Personal information
- Full name: James Leslie Toohey
- Born: 1 June 1915 Carlton, Victoria
- Died: 10 February 2004 (aged 88)
- Original team: Sandhurst
- Height: 185 cm (6 ft 1 in)
- Weight: 92 kg (203 lb)

Playing career^{1}
- Years: Club / Games (Goals)
- 1935–1936: Fitzroy / 21 (15)
- 1937: Perth / 11 (6)
- 1938: Fitzroy / 14 (17)
- 1939: Camberwell
- ^{1} Playing statistics correct to the end of 1938.

= Jim Toohey Jr. =

Australian rules footballer, born 1915

James Leslie Toohey Jr. (1 June 1915 – 10 February 2004) was an Australian rules footballer who played with Fitzroy in the Victorian Football League (VFL).

Toohey, a Sandhurst recruit, started out in the Fitzroy seconds in 1934. He began his league career in 1935, when he played seven senior games, which was bettered by 14 appearances in 1938.

In 1937, Toohey joined Western Australian National Football League club Perth. His father, former Fitzroy player Jim Toohey Sr., was a member of the Perth Football Club committee.

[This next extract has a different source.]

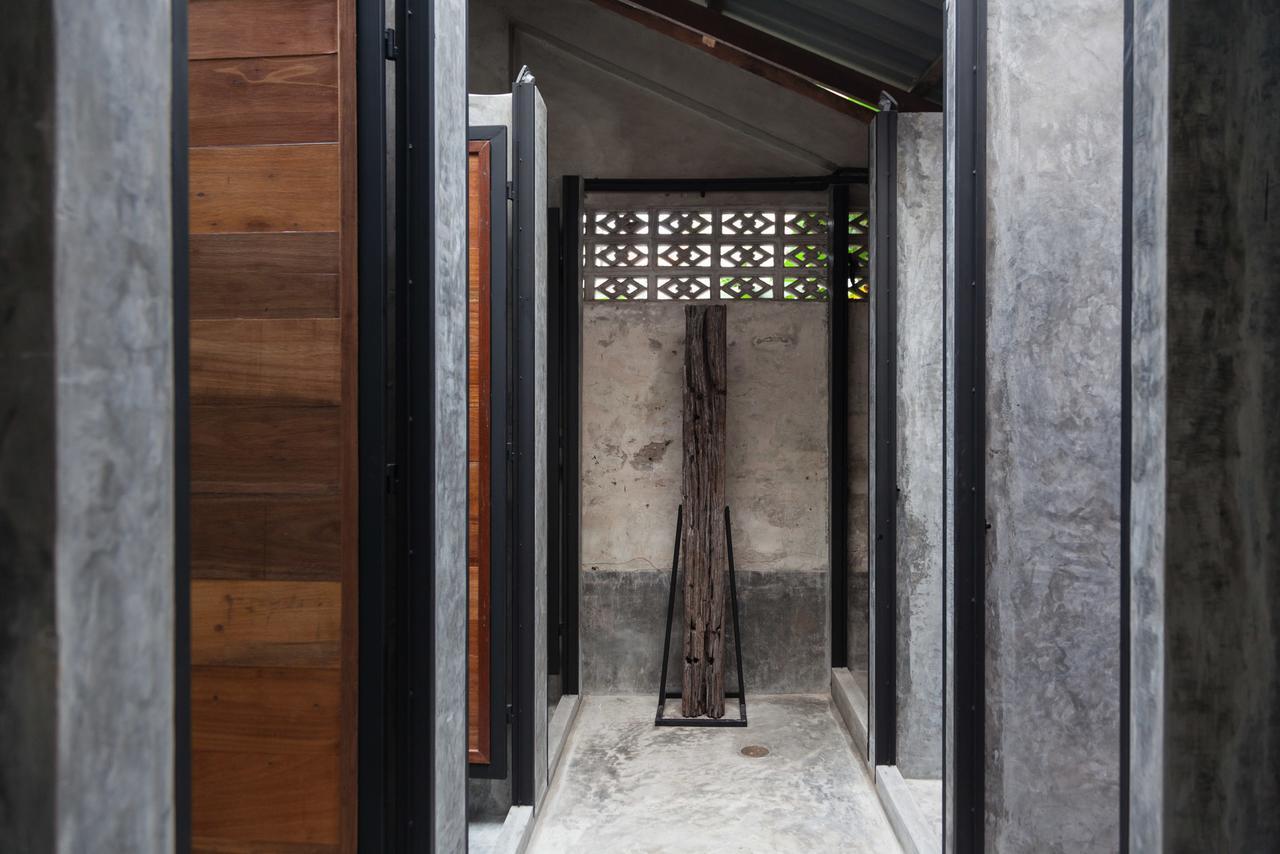 Feel Good Hostel Phuket Exterior photo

He had to wait until mid-season to make his debut, in order to fulfill the three-month residential qualification required to get an interstate permit at that time.

Toohey returned to Fitzroy after just one season in Perth and made 14 league appearances in the 1938 VFL season.

He was cleared to Camberwell in 1939.

Toohey's younger brother, Jack, played with Fitzroy for six seasons, from 1947 to 1952.